Я не вижу твоего лица - страница 8
Как-то вечером, в нашей квартирке появилась завуч Полина Дмитриевна– в общем-то, довольно неплохая тётка, спокойная, справедливая, без стервозных замашек, присущих женщинам, получившим высокую должность.
Полина вошла решительно, не стала садиться и отказалась разделить с нами ужин.
– Вот что, Татьяна, – начала она без обиняков. – Отправляй-ка свою дочь в интернат, мои девчонки ходить к ней отказываются.
– Как отказываются?! – отец вскочил с дивана, отшвырнув газету. – Да вы что, в своей школе, сдурели совсем?! Пять лет, значит, приходили к нам, учили, а тут – отказываются! Разве мы вас обидели чем? Да моя Алёнка- ангел, все задания выполняет, сама этот хренов шрифт Брайля изучила.
– А ты, Николай, не ори, – усмирила его Полина Дмитриевна.
И отец, как двадцать лет тому назад, покорно опустился на своё место.
– Вы знаете, как я к вам отношусь, – продолжала завуч. – Вас обоих выучила, и дочь вашу продолжала бы учить, коли не эта перестройка проклятая.
– Причём тут перестройка, господи! – вскрикнула мама, плюхаясь на диван рядом с отцом.
– А при том, – Полина повысила голос, как обычно она делала это в школе, ругая хулиганов и двоечников. – вот тебе, Николай, чем на ликероводочном платят? Водкой! И что ты делаешь? Едешь в областной центр, приходишь на вокзал, ждёшь поезда и продаёшь. Деньги не великие, но жить можно. А ты, Тань, когда швейную фабрику закрыли, как выкрутилась? Вынесла из цеха машинку и отрезы тканей, а теперь шьёшь на заказ, и тебе то картошки, то муки принесут. А мы- учителя ничего ни продать, ни обменять не можем. Несём разумное, светлое, вечное, потом бежим подъезды мыть да в палатках стоять штанами торговать. Вот, ей богу, нет ни у кого ни времени, ни сил на вашу Алёнку. Отправляйте в интернат, так будет правильнее. Она ведь молодая, ей общаться со сверстниками надо. Что же ей, всю жизнь оставшуюся подле вас сидеть?

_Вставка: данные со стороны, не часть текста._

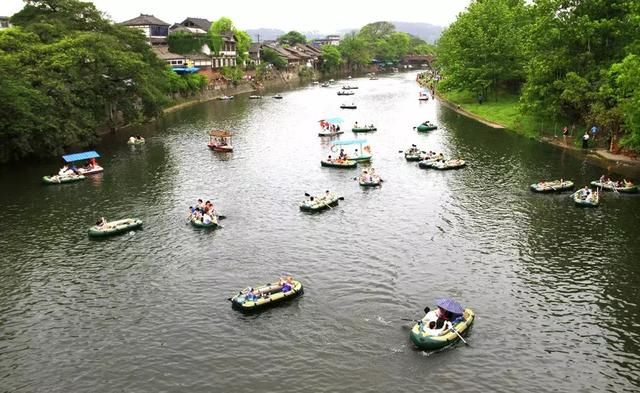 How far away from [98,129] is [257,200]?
180ft

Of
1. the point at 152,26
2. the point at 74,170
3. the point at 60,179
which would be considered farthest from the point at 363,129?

В тот момент мне показалось, что на меня обрушился ливень, живой, по-весеннему юный, оздоравливающий и бодрящий. Он расколол ледяные, неповоротливые уродливые глыбы тоски и отчаяния в моей душе, растопил снега смирения. Быть как все, отвечать у доски, смеяться на переменах в кругу одноклассников, делиться секретами с лучшей подружкой, влюбиться в какого-нибудь парня и ждать от него знаков внимания. Просто жить, как живут обычные девчонки моего возраста. Живут и не понимают, насколько они счастливы. А ещё, я надеялась встретить Соню. Найти её и извиниться за то, что перестала отвечать на её письма. Рассказать, что выбора у меня не было, ведь лучше и вовсе не писать, чем зачитывать её письма родителям, а потом и ответы свои тоже зачитывать. Ведь они – родители, так много для меня сделали, и оскорблять их своим недоверием и скрытностью я просто не имею права. Какие у меня могут быть от них секреты? От тех, кто самоотверженно боролся за моё здоровье, кто отдавал ради меня всё, что у них было, кто во имя меня во всём себе отказывал? Мои мама и папа принесли себя в жертву мне, а любая жертва должна быть вознаграждена. И чем она больше, тем щедрее обязана быть награда.
Отделенная от родительского ложа цветастой шторкой, я жадно прислушивалась к шёпоту отца и матери.
– Как же я её отправлю?– едва сдерживая слезы, говорила мама. – Брошу среди чужих людей?
– Ей нужно получать образование, – в очередной раз твердил отец. – Мы не вечные.